Form Letter
Dear {CUSTOMER},
I fully and unequivocally apologize for the events of {DATE}, upon which your special event was somehow lessened by my actions. Allow me to say in my own defense that I had no ill intent concerning your {CHILD'S BIRTHDAY PARTY / WEDDING / BAR MITZVAH / CHRISTENING / INAGURATION} or personally toward you or anyone in your family. I realize that it will in no way excuse my behavior to explain myself, but if you would grant me the opportunity, I would like to do so, if only for the sake of your understanding.
First, I can tell you without hesitation that I had no idea that those spiders were poisonous. I made every effort to check them all prior to my bringing them, and as far as I could see, none of them seemed to have what we in the business call "venomous tendencies." I saw no little red hourglass shapes on the insects -- a technique I learned to follow during my intensive wildlife-handling training of literally almost a full hour of Discovery Channel videos, sans commercials, mind you -- and believe me, I looked at nearly all of them. What makes this whole thing even more surprising is that some of the friendly creatures even hugged my finger with their tiny legs before I jammed them deep into the jar I used for transport, in a display of adorability I had up to that point only seen in animals who are animated or are, perhaps, puppets.
In spite of my caution, I do admit that it was an unwise choice to place the entire jarful in the hair of your {SON / DAUGHTER / WHEELCHAIR-BOUND AUNT}. I commend {HIM / HER} on the speed with which the spiders were dispatched, as {HE / SHE} looked to be a little slow on the uptake. However, the speed of the human reflexes and the jerky movements that follow often spook such timid creatures as spiders, and would surely account for the, at minimum, dozens of bites suffered by your loved one. Regardless, considering the circumstances, I will absorb the cost of the burial of my spiders and will only charge you their market value, at most only around $1650 each for the rarest breeds. You will find an invoice enclosed, and I believe this is fair for everyone involved.
Concerning the confusion surrounding my choice of music: I was not told in appropriate time and was thus unaware that playing the Angel Corpse song "Sodomy Curse" on repeat during my performance would be so controversial. At your next event, might I suggest that you provide a list of approved songs at least four months ahead of time and that you be willing to negotiate if all you want to play is what I respectfully referred to at one point to as "bland pussy-rock." There certainly is room for a middle ground, I believe.
Along those lines, I fully admit to being in the wrong when, while singing along to my stage music, I referred to your {WIFE / MOTHER / FORMER CATHOLIC SCHOOL TEACHER} as a "putrid Satan love slave with a womb full of pestilence." I meant it entirely as a compliment, but upon further thought, I can understand how the statement could be misconstrued.
I also owe you my apologies when it comes to the balloon animals I made for a short time, upon request. My only excuse to you is that my hearing is less-than-perfect and has indeed deteriorated quite a bit over the years, which is why I tend to hear the word "doggie" as the word "phallus," the word "sword" as the phrase "male genitals," and the word "giraffe" as the phrase "laughably bulbous male genitals."
I really have nothing to say about the incident in which I was seen to strap one child's balloon animal on much like a codpiece and chase {YOUR FATHER / YOUR UNCLE / YOU} around the {YARD / BUILDING}, shouting "Let's see who's is bigger, cowboy!" at the top of my lungs, other than I was asked to do it. I would also like to point out that the children thoroughly seemed to enjoy it.

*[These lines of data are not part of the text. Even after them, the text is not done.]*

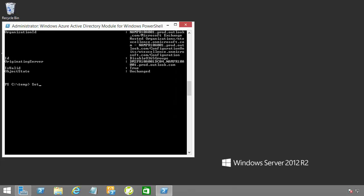Then, once that policy is created, we'll need to set the OWA mailbox policy, the one that we just created, and specify that group creation should be disabled. We do that specifically by using GroupCreationEnabled and setting that to $false.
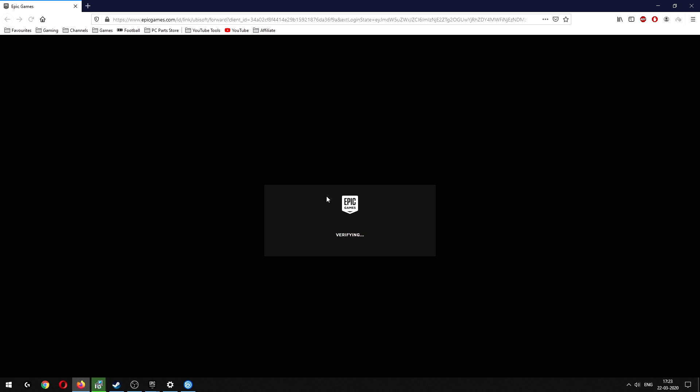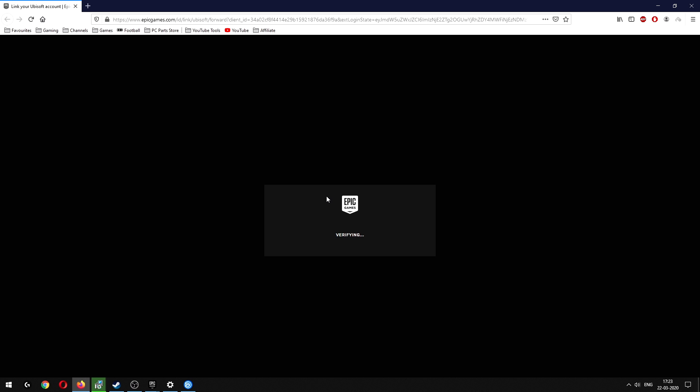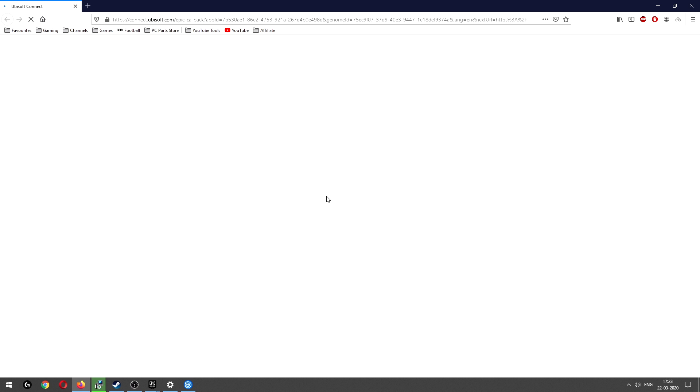Wait for it to do that. It will open up the browser. Wait for it to verify. Now what I did was I had logged in to both the Epic and the Uplay launchers already,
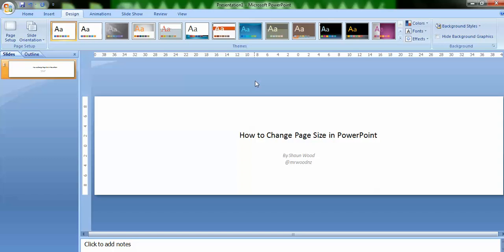And that is how to change page size in PowerPoint. Thank you very much for listening.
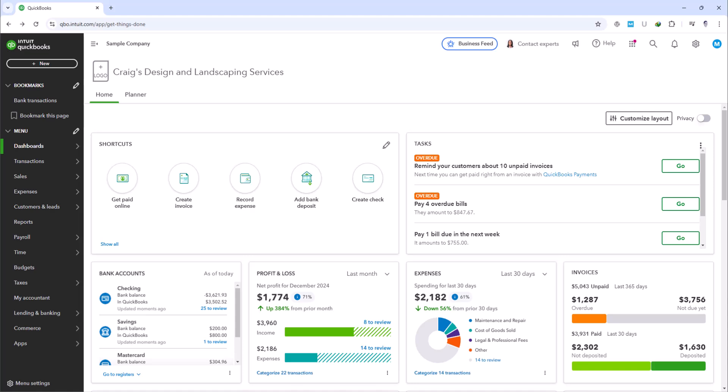In our upcoming lessons, we'll explore more features in QuickBooks Online that help streamline your business's financial operations, ensuring you maintain robust and accurate financial records. Thank you for joining today's session, and I look forward to helping you continue to enhance your business's financial management.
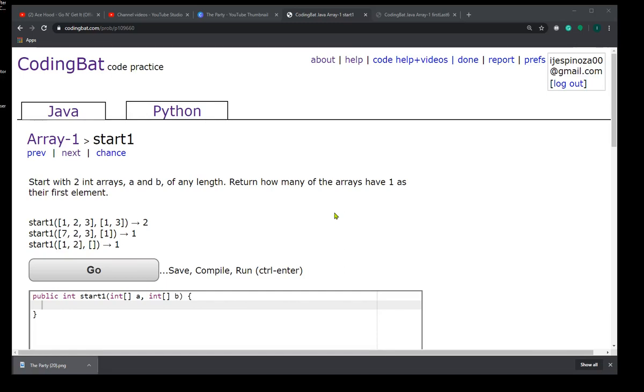Hello, we're doing Array-1 start1. Start with two integer arrays A and B of any length. Return how many of the arrays have 1 as their first element.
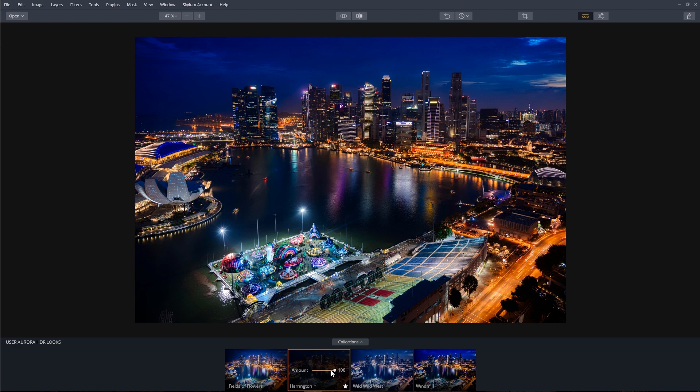That worked great on a series of bracketed images, but even with a single image, the new Quantum HDR engine will give you amazing results. Let's give it a try.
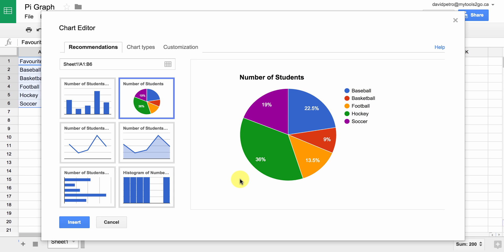It shows the percentage in each slice. So if you do have data that is not in percent form — in our case, our data wasn't in percent form — it converts it to percent.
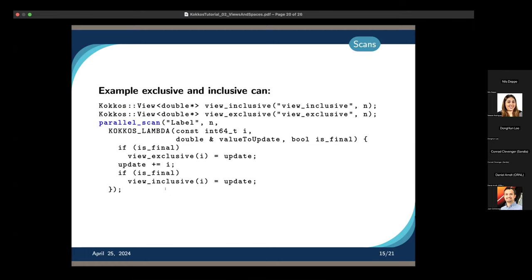We can also do an exclusive and inclusive scan at the same time — and we don't actually need the separate result variable since we already have that contained in our inclusive scan. For inclusive scan, we write after updating the value; for exclusive scan, we write before updating in the final step. Also worth noting: parallel_reduce can be called without a result variable if you provide final.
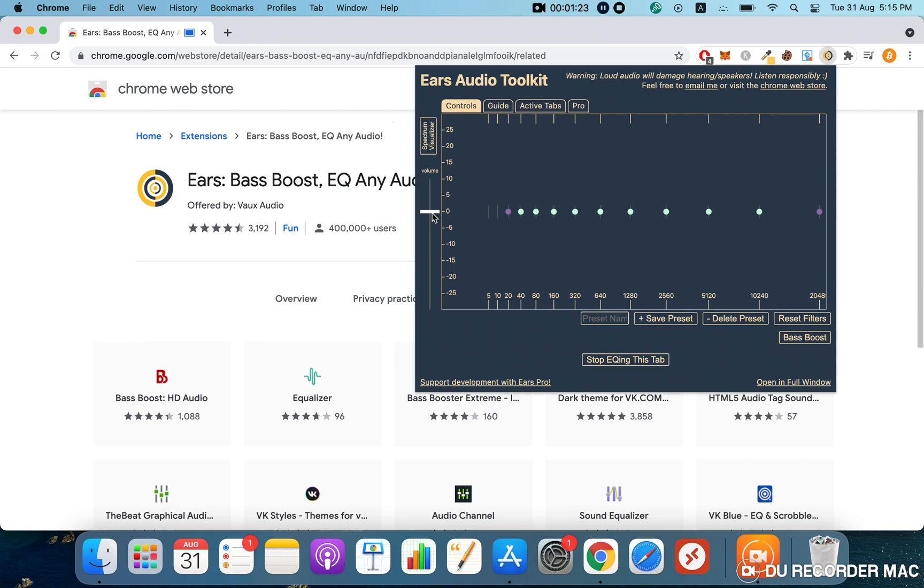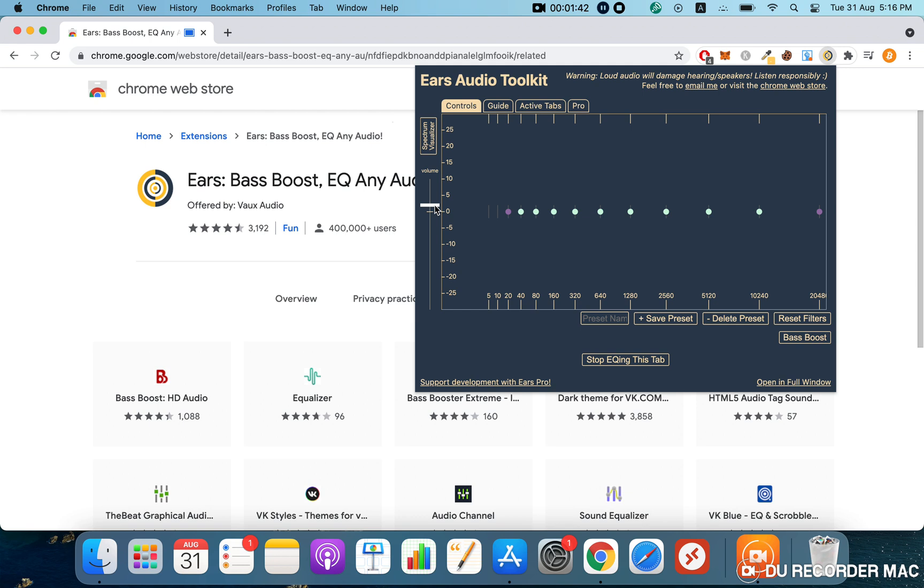I don't suggest you start from the maximum. I'd say gradually move this bar up because, as it's a third-party application, it can damage your speakers. You don't want that, so start from here and gradually move it up and settle where you're comfortable.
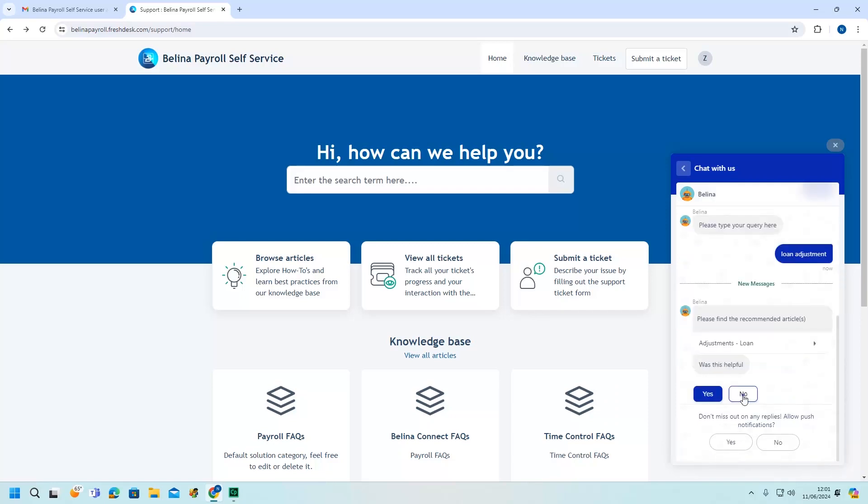Click Yes if the article was helpful. If not, click No to be transferred to a live agent.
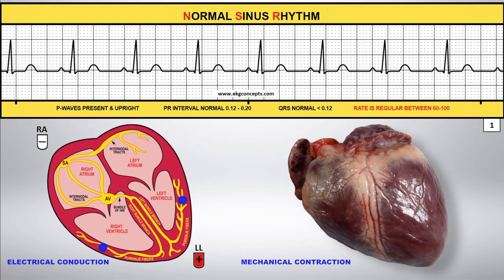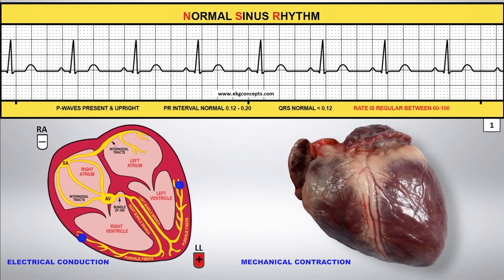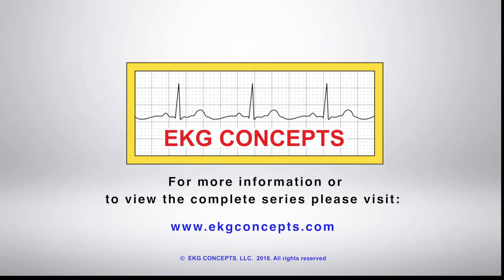In normal sinus rhythm, the electrical impulse follows the normal conduction pathways causing an upright P wave before each QRS. With every electrical conduction of the heart, we should have a mechanical contraction which gives us a heartbeat. Normal sinus rhythm is considered the gold standard by which to compare all other arrhythmias.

I have one final note and update concerning the illusion I performed soon before I left your celebration. I have received word from local authorities that your {BEST FRIEND / COUSIN / BOSS} can indeed be removed from the Magic Cast-Iron Box without injury, and will be out in the next few days. The lack of air inside the box, they were quick to point out, is no fault of mine, but is really the doing of nature, whom you cannot fight no matter how hard you try. They also mentioned that it may be a bad idea to press charges against me, as my own mental anguish from this freak and unheard-of accident is punishment enough.
I thank you for your business and ask that you call on me again for your next celebration!
Best Regards,
Wilkins P. Qualitee
Founder and Entertainer
Qualitee Party Amusements, Inc., LLC.